While the ranking system is subjective, class A space is generally considered to have an excellent location, amenities, building materials, property management and tenants.

Class B and C office space are classified in comparison.

In Ottawa's core, the vacancy rate for class A space is about one per cent. This relative lack of space, in combination with extremely competitive rental rates, has prompted international and national investors, mostly pension funds and real estate investment trusts to sink their money into local class A buildings.

Recent examples include the sale of Heritage Place and the Standard Life Centre to Northam Realty, with German backing, and the Chambers to an Isreali money-backed investor.

Paul Hindo, vice-president and general manager of Royal LePage Commercial Inc., disagrees with Card.

The tight downtown market and relatively high rental rates will drive people into cheaper class B and C space as they renew their leases, he said.

"People are getting sticker shock, so they're looking at B and C space," Hindo said. "If nothing else, B and C landlords are benefiting, because they are going to see a lot more competition for space and a decline in B and C rates."

Hindo cited the building in which Royal LePage is a tenant at 220 Laurier Ave. recently underwent a renovation.

"A lot of landlords are spending more money on renovations.
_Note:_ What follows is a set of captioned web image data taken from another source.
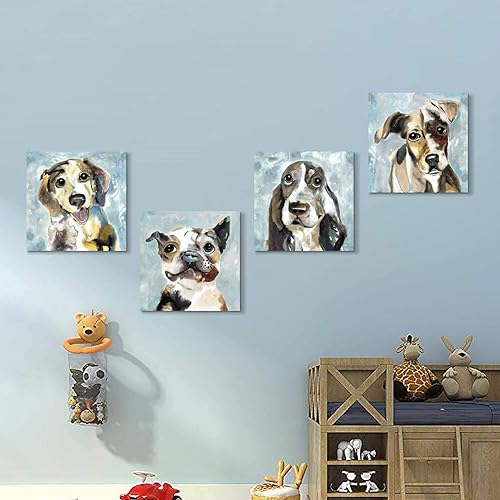 Miniatura 3 de Hardy Gallery Lienzo para mascotas, obra de arte de cachorro impresión abstracta de imagen de perro sobre lienzo para paredes de habitación de niños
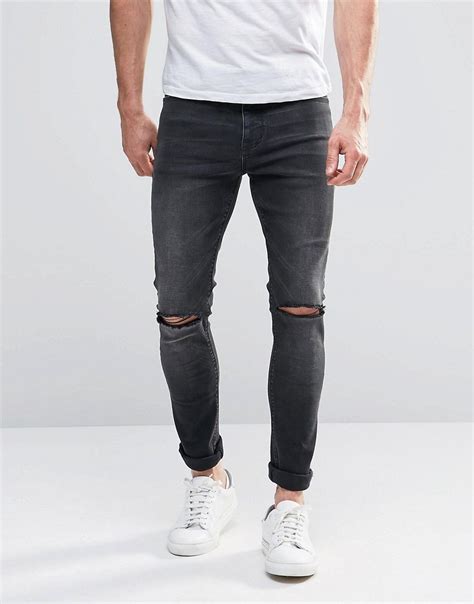 Image 1 Of Asos Super Skinny Jeans With Knee Rips In Dark Gray Wash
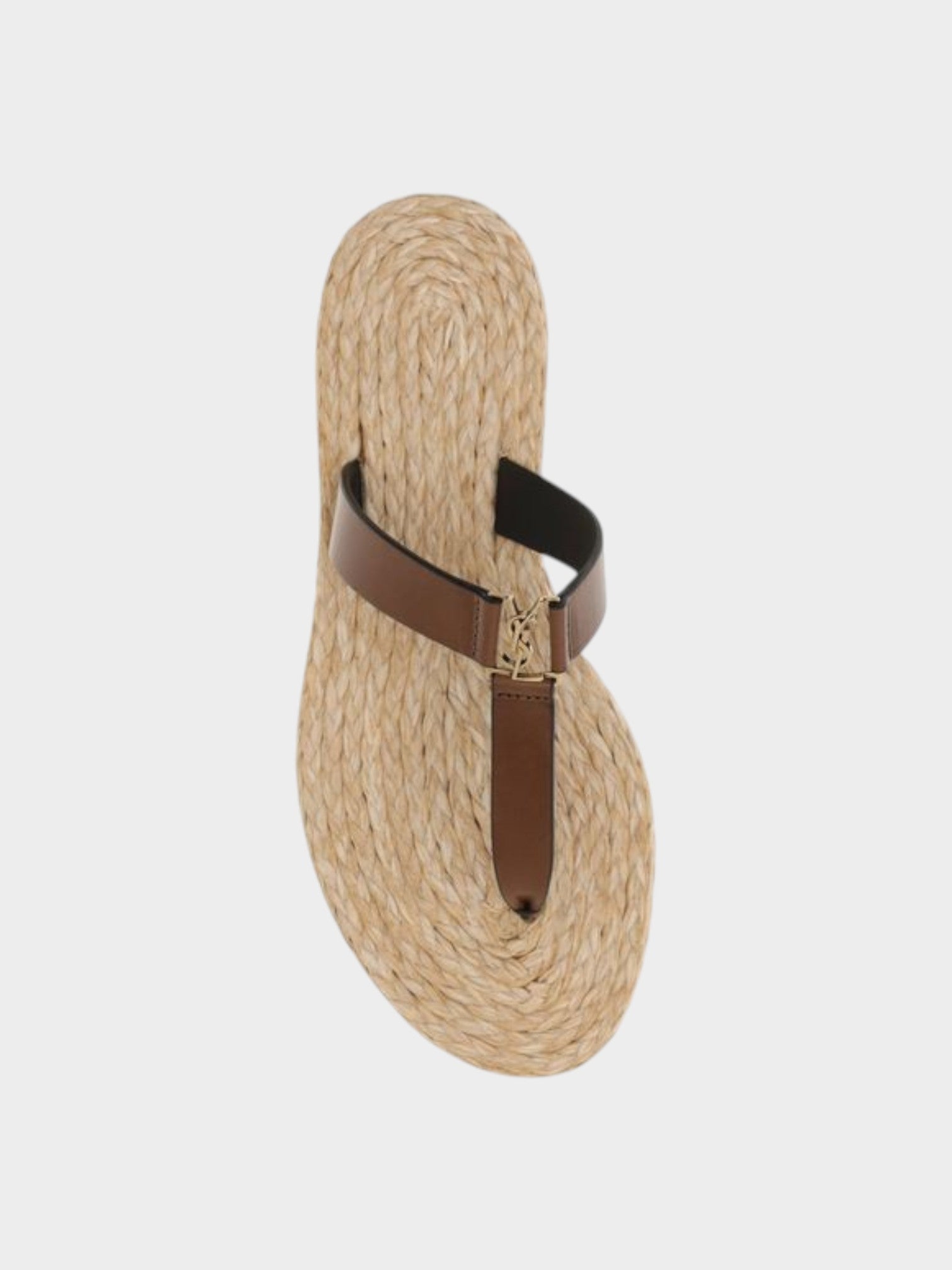 Saint Laurent Brown Calf Leather Bos Taurus Flat Sandals-thumbmail-4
Some class B and C buildings have gone through some major retrofitting."

Minto Commercial Inc. doesn't own any class B or C buildings, but senior vice-president Regis Trudel said new class A space, with three buildings coming on-stream, will spur landlords to invest in improvements.

"The stock has to be continually upgraded because everyone's expectations are on the rise. New product makes it harder to compete for tenants," he said, adding a couple of downtown buildings have been completely gutted over the last decade.